Short web captions
-- Opening Marker --

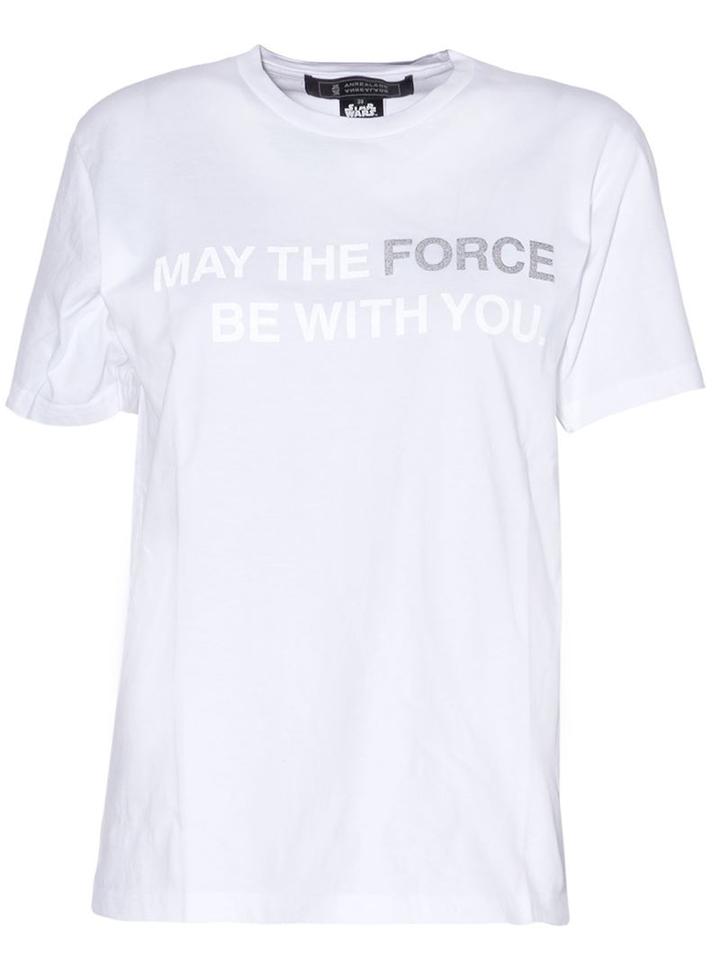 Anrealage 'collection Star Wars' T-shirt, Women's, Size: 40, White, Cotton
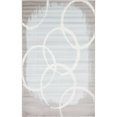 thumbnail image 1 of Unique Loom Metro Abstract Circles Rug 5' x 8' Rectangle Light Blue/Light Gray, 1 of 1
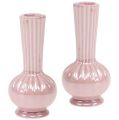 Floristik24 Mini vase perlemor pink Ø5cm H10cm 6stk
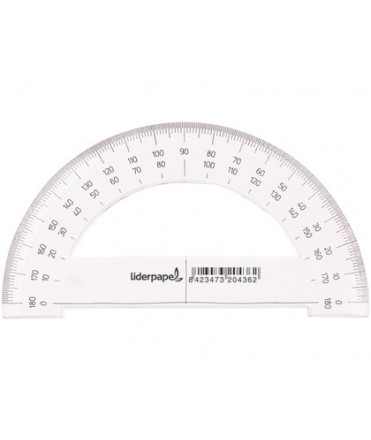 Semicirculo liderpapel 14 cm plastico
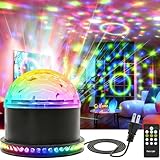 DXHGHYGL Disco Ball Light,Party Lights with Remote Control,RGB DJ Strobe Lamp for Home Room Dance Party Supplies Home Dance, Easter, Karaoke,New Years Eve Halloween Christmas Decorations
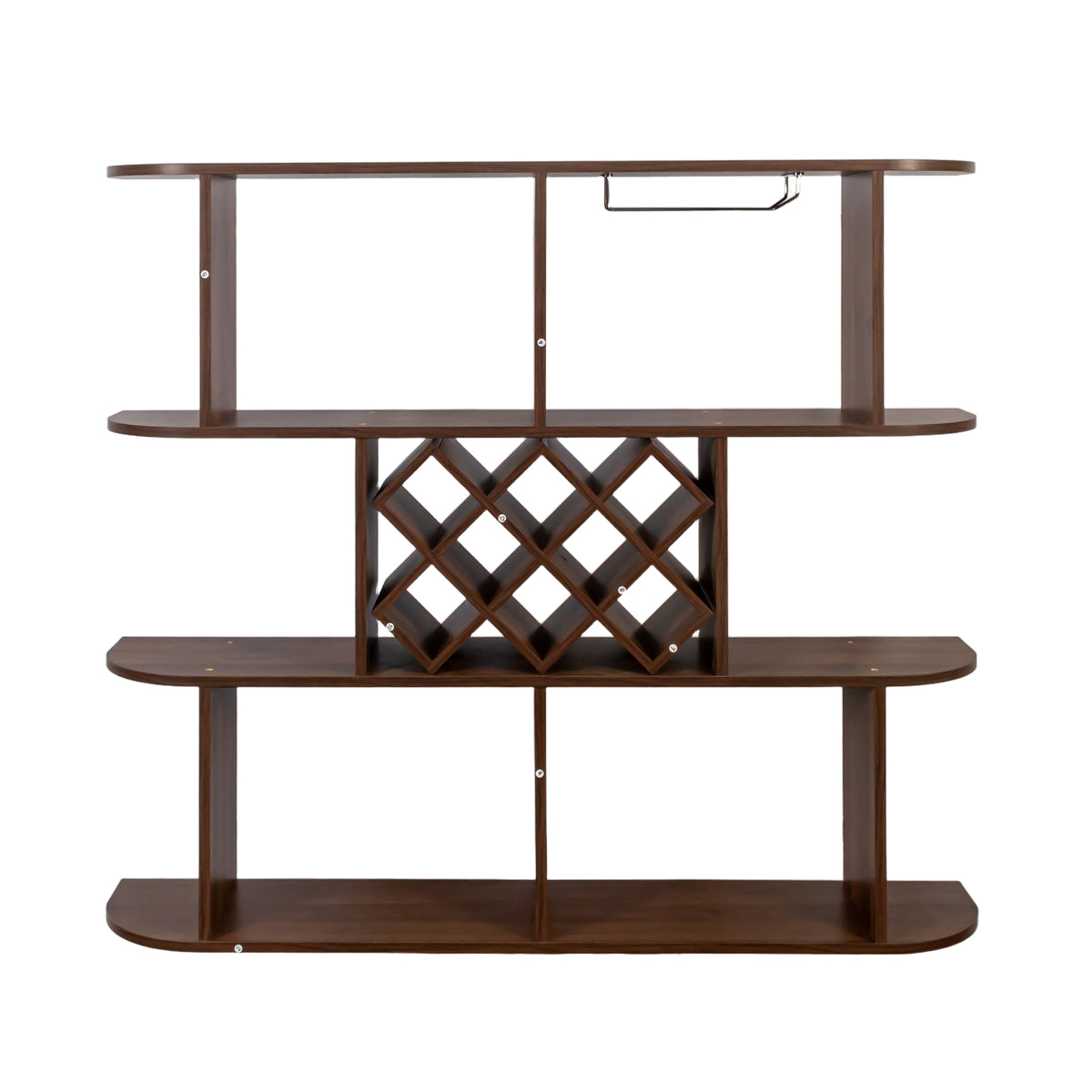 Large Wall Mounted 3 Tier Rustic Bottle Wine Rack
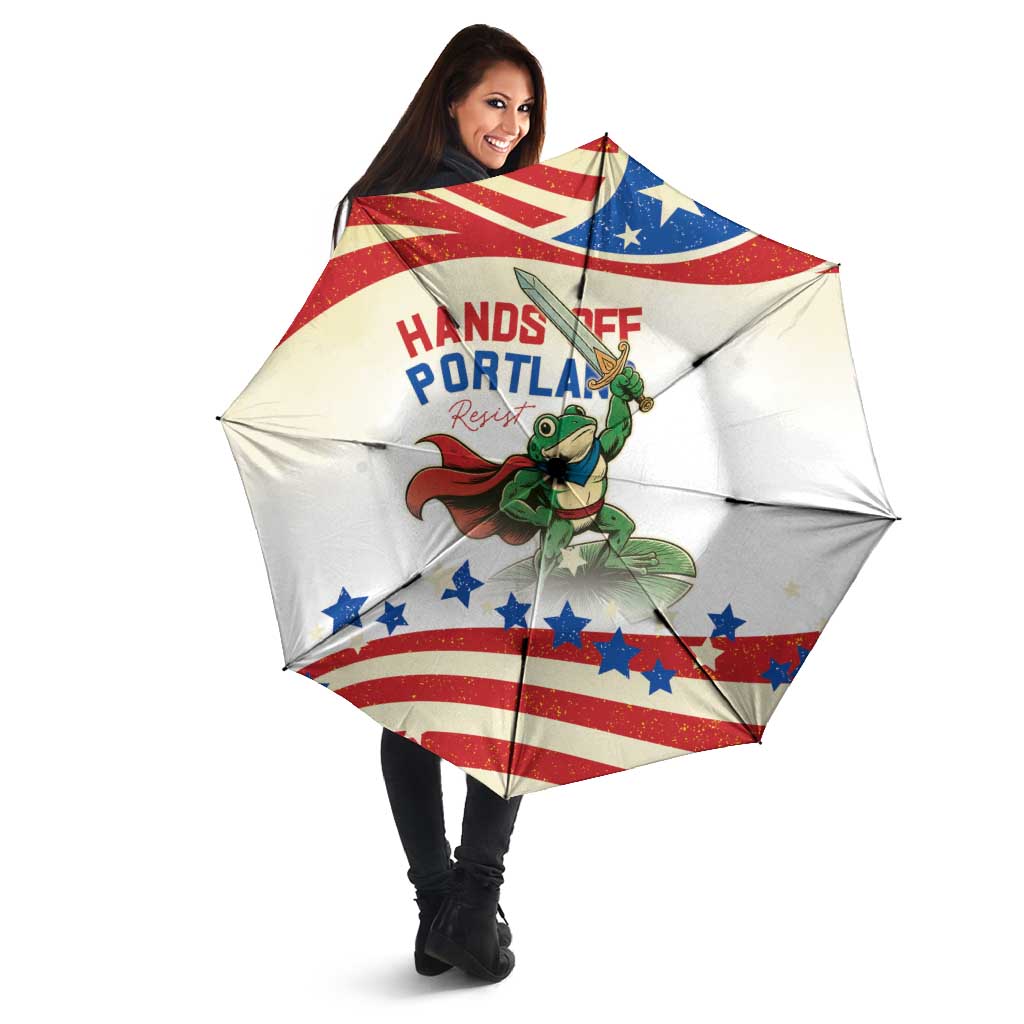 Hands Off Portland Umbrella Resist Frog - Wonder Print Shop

-- Closing Marker --

Retype the lines starting with the one that holds "DXHGHYGL Disco Ball" and ending with the last line of the data above, both included; skip the pictures.

 DXHGHYGL Disco Ball Light,Party Lights with Remote Control,RGB DJ Strobe Lamp for Home Room Dance Party Supplies Home Dance, Easter, Karaoke,New Years Eve Halloween Christmas Decorations
 Large Wall Mounted 3 Tier Rustic Bottle Wine Rack
 Hands Off Portland Umbrella Resist Frog - Wonder Print Shop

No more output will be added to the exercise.